Parfois de grands pays s'éveillent à la vie et à la démocratie tout en s'éveillant au cinéma. Le Soudan était ainsi, depuis de longues décennies, absent aussi bien de nos écrans que de nos imaginaires. Le Soudan, pour ceux qui sont un minimum informés, se résumait à une sombre dictature où régnait la charia, et que l'on soupçonnait d'être un des états finaneurs du terrorisme international. Mais les Soudanais, après avoir subi pendant presque trente ans le joug du sinistre Omar El Bechir, ont enfin réussi à faire chuter le vieux dictateur. Ils sont donc petit à petit revenus à la vie, et au cinéma : il faut rappeler que l'art cinématographique était vivace dans le Soudan marxiste des années 1960/1970. Ce n'est donc sans doute pas un hasard si, en quelques semaines, deux films soudanais arrivent sur nos écrans. Nous avons programmé le premier en décembre : Talking about trees, merveilleux documentaire sur quatre papys cinéastes et cinéphiles qui tentent avec humour et détermination de rouvrir un vieux cinéma en plein air, entre tracasseries administratives et moralisme islamiste tatillon. Et le second nous arrive en février, une fiction cette fois : Tu mourras à vingt ans, un beau conte au réalisme magique qui est aussi une parabole du réveil démocratique.
Le héros du film s'appelle Muzamil, et c'est un garçon qu'une malédiction frappe dès sa naissance. Au grand malheur de ses parents, un cheikh soufi en visite dans leur village, dans l’état agricole d’Al-Jazira, leur annonce que le garçon mourra lorsqu'il atteindra l'âge de vingt ans : en effet, un de ses derviches tombe inconscient après avoir adressé les louanges « Gloire à Dieu, Vingt », ce qui est le signe indiscutable de la mort prématurée qu'il prophétise. Toute l'enfance et l'adolescence de Muzamil vont être conditionnées par la prédiction : son père, triste et impuissant, s'en va chercher du travail à la ville puis à l'étranger, le laissant seul avec sa mère qui porte dès lors perpétuellement le deuil. Celui que l'on appelle dans le village « l'enfant de la mort » va lui même se résigner à sa fin prochaine et se plonger dans l'étude du Coran.

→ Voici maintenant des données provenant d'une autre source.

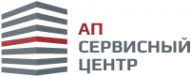 Логотип компании АП Сервисный Центр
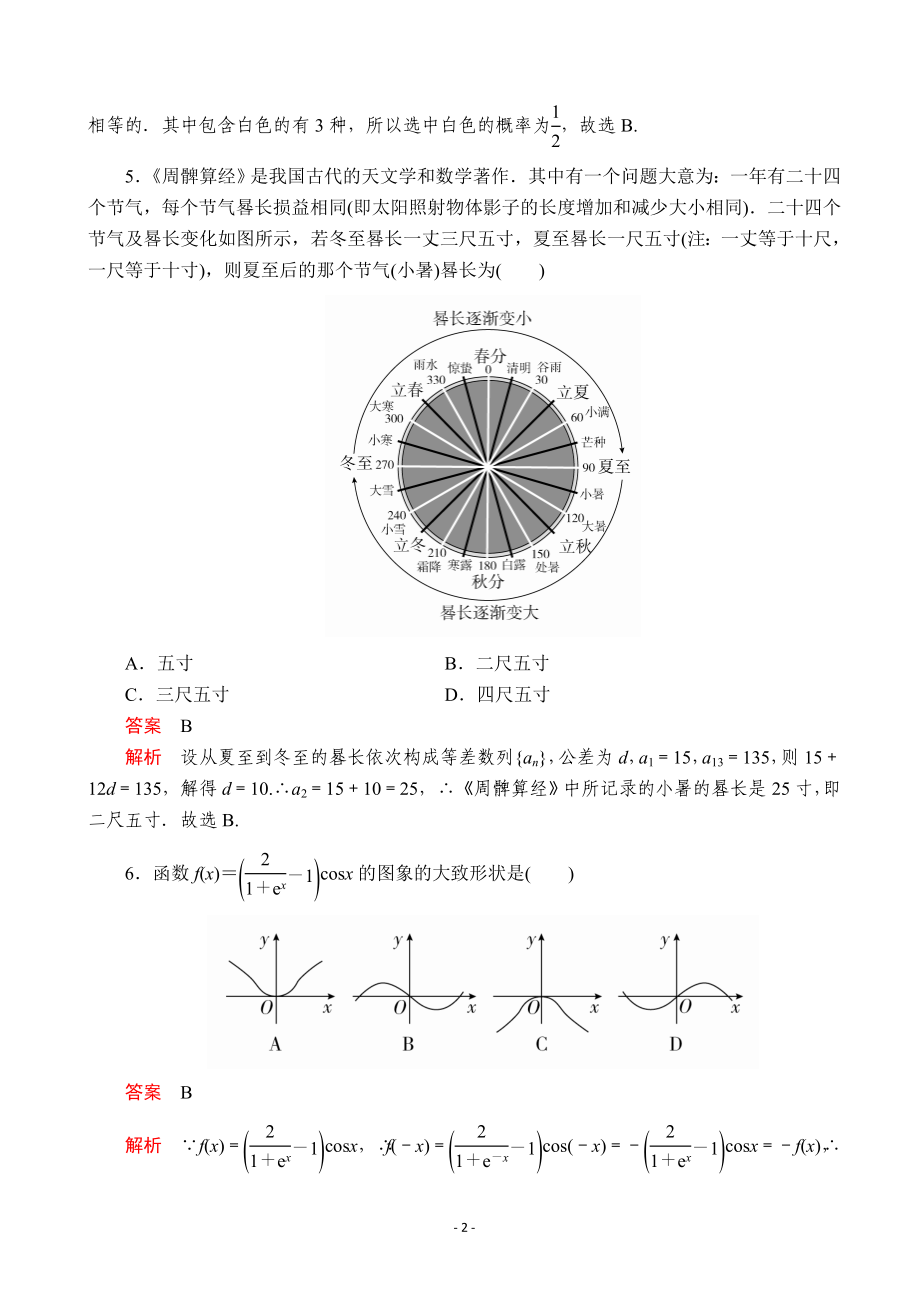 2020全国新高考培优高考仿真模拟（二）文科数学（解析版）.doc_第2页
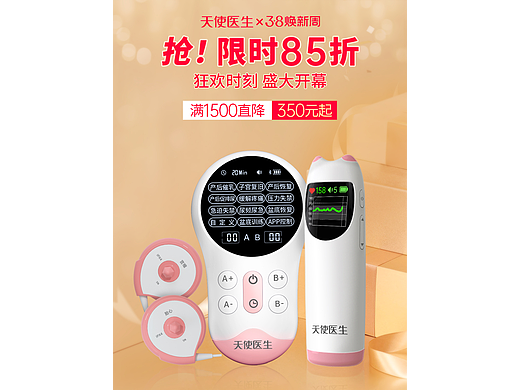 38换新周首页手机版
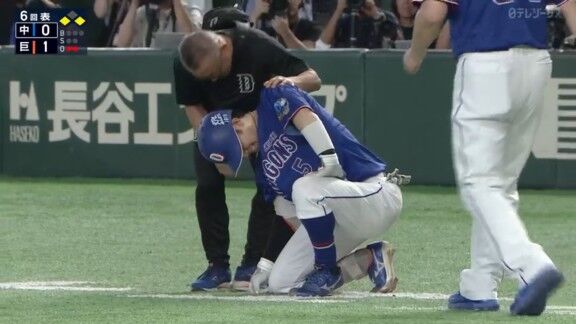 中日・村松開人、死球のあと治療のためベンチ裏に下がるもプレーは続行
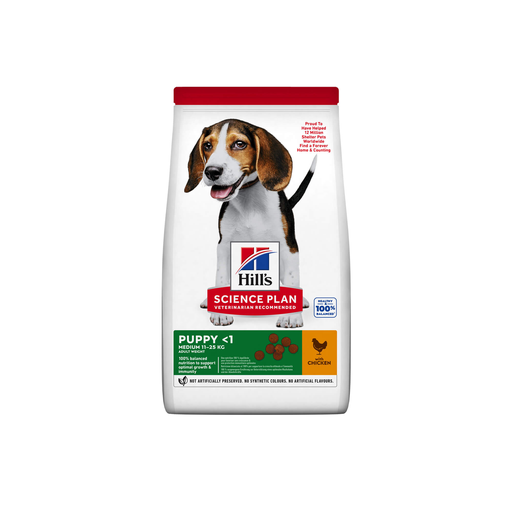 Hill's: Science Plan Medium Puppy Food - 2.5kg | Chicken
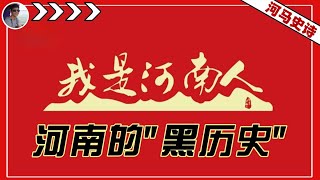 河南人黑历史：职业背锅3000年（2023.10.17）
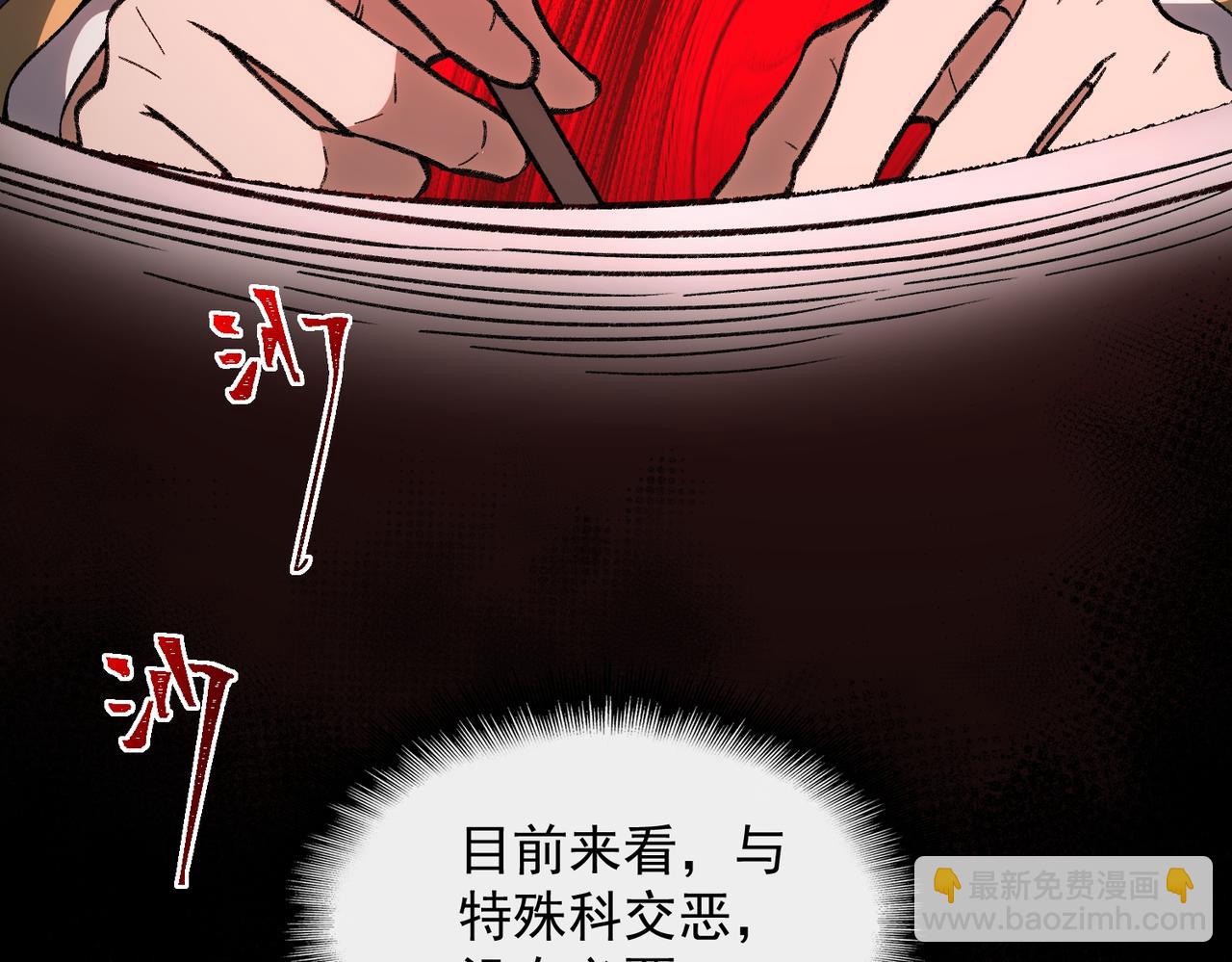 【头像框福利放送】第17话 新幽灵社(1/3)-第18话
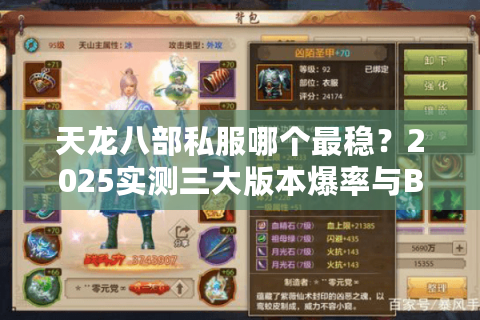 天龙八部私服哪个最稳？2025实测三大版本爆率与BUG修复对比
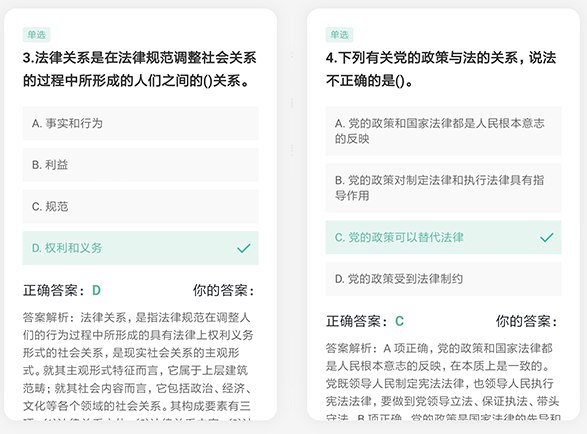 名称：《2024半月谈公基必背2000题》|简介：2024半月谈公基必背2000题这门课程为学习者提供了全面的知识和技巧，涵盖了从基础到进阶的多项内容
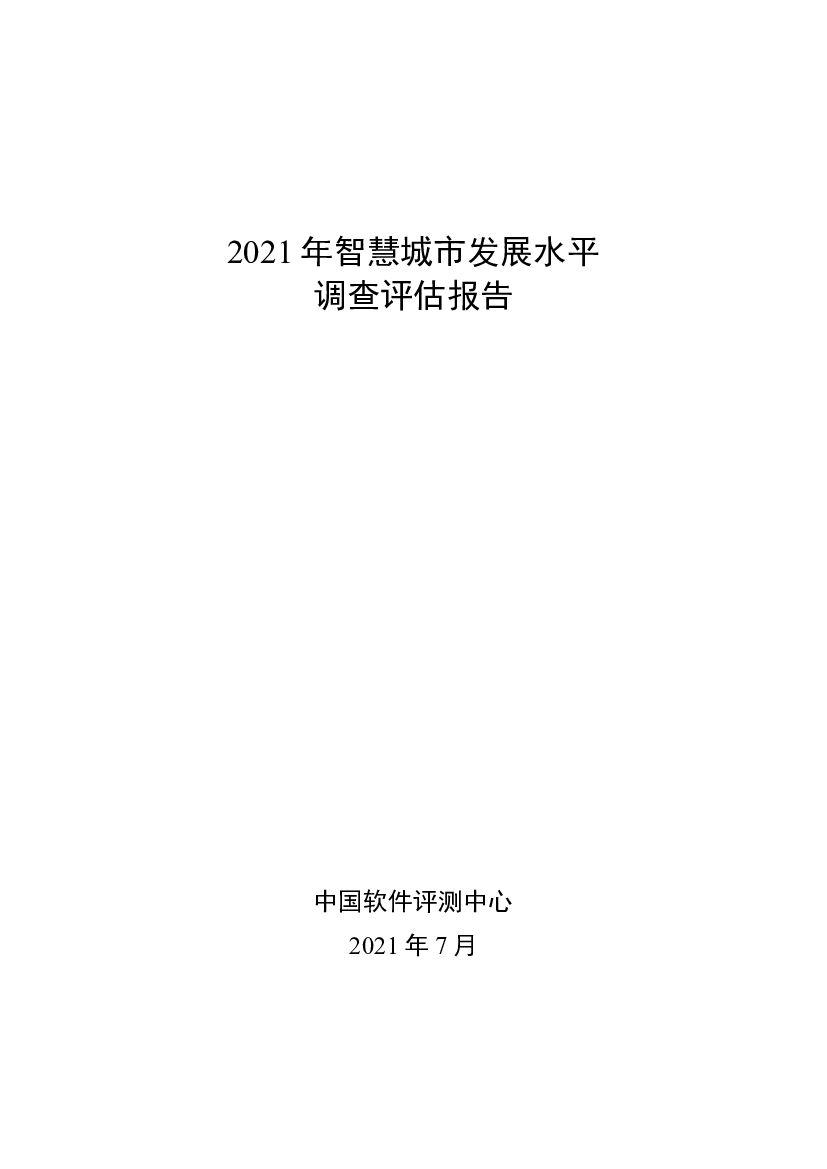 中国软件评测中心：2021年智慧城市发展水平调查评估报告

Mais il y a Naïma, une jeune femme qui aime Muzamil depuis l'enfance et qui est bien décidée à vivre son amour, quelle qu'en soit l'issue. Et puis survient un homme d'âge mûr, Suleiman, qui a vécu à l'étranger et qui est revenu au village tout en restant à l'écart. Tout chez cet homme représente la liberté et l'indifférence face aux traditions : il se fait livrer de l'alcool en cachette, vit avec une femme libre, probablement ancienne prostituée et chanteuse… Et, miracle, Suleiman va faire découvrir à Muzamil, à travers quelques bobines conservées, le cinéma d'autrefois, et avec lui le Soudan libre des années 60/70. Toute la saveur du paradoxe réside dans le fait que c'est un vieil homme, dans la dernière ligne droite de sa vie, qui représente modernité et liberté alors que le jeune homme avait fini par accepter le sort inéluctable que lui réservait une tradition intangible.
Et de fait on peut deviner que le combat du cinéaste pour la liberté s'incarne dans le personnage de Suleiman. Mais Amjad Abu Alala filme aussi avec infiniment de beauté et de tendresse les rituels et les couleurs de la ruralité soudanaise, et dessine le portrait de personnages extrêmement simples et touchants, à l'image des parents de Muzamil, profondément attachés à leurs croyances mais tout aussi profondément bienveillants et aimants. Comme si le le réalisateur soudanais voyait le futur de son pays dans un (r)éveil critique de ses citoyens sans pour autant faire table rase d'une culture millénaire.